• **Instructions for the task**:
Copy nothing but the lines from the one containing "Item preview, Coffee" through the last line of the entries below, exactly as written and without pictures.

• **Information supplied**:
•••••

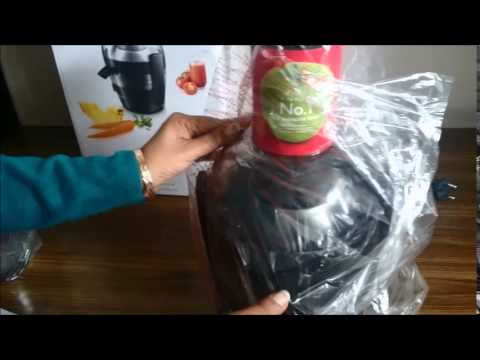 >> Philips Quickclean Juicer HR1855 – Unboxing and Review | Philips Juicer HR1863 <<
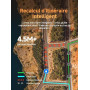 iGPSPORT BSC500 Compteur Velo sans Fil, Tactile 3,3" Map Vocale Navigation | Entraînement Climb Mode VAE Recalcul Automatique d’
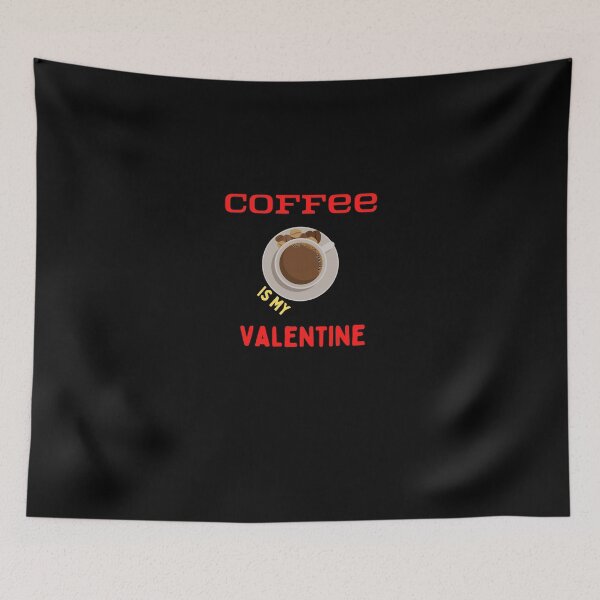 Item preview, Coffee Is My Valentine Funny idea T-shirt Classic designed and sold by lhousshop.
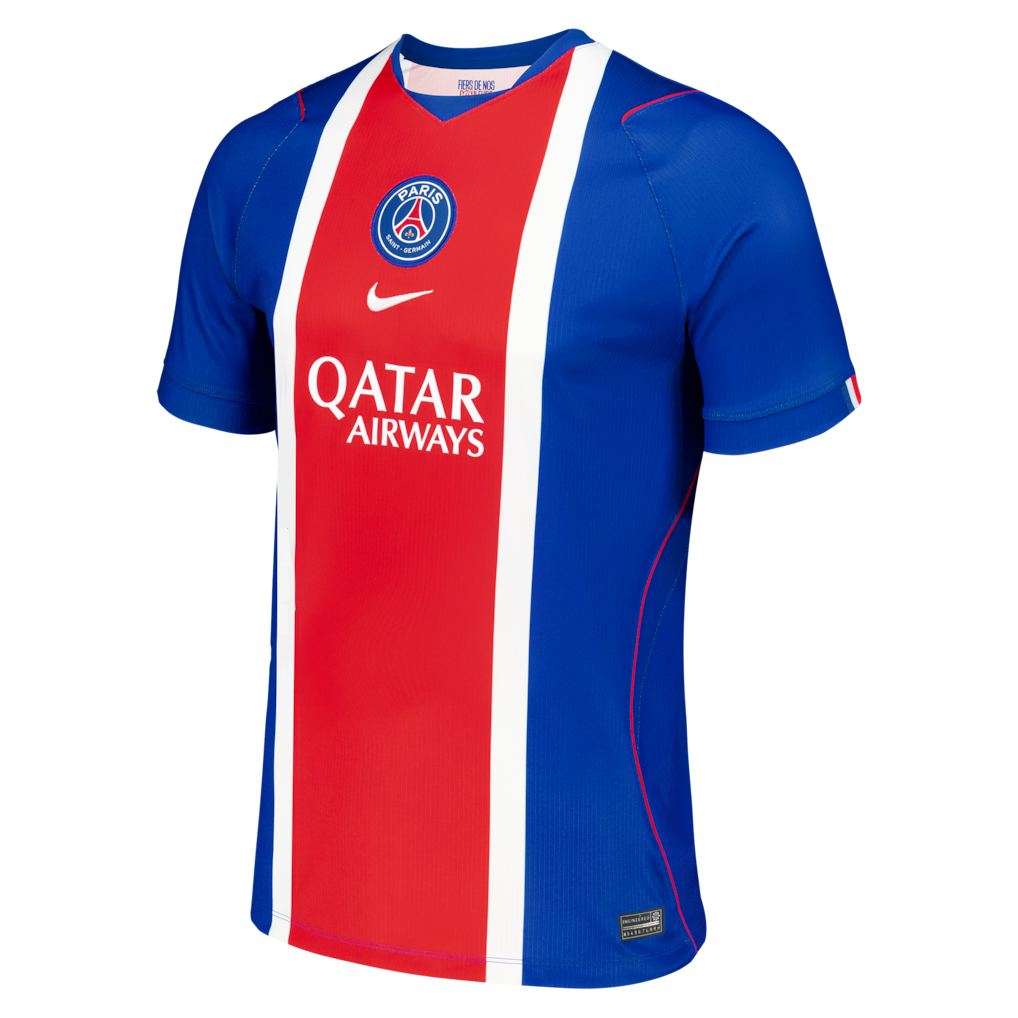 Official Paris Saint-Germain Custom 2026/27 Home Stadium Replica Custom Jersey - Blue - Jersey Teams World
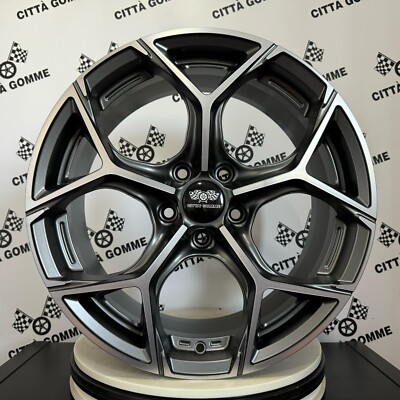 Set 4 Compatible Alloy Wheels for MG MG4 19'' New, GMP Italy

•••••

• **Result of the exercise**:
 Item preview, Coffee Is My Valentine Funny idea T-shirt Classic designed and sold by lhousshop.
 Official Paris Saint-Germain Custom 2026/27 Home Stadium Replica Custom Jersey - Blue - Jersey Teams World
 Set 4 Compatible Alloy Wheels for MG MG4 19'' New, GMP Italy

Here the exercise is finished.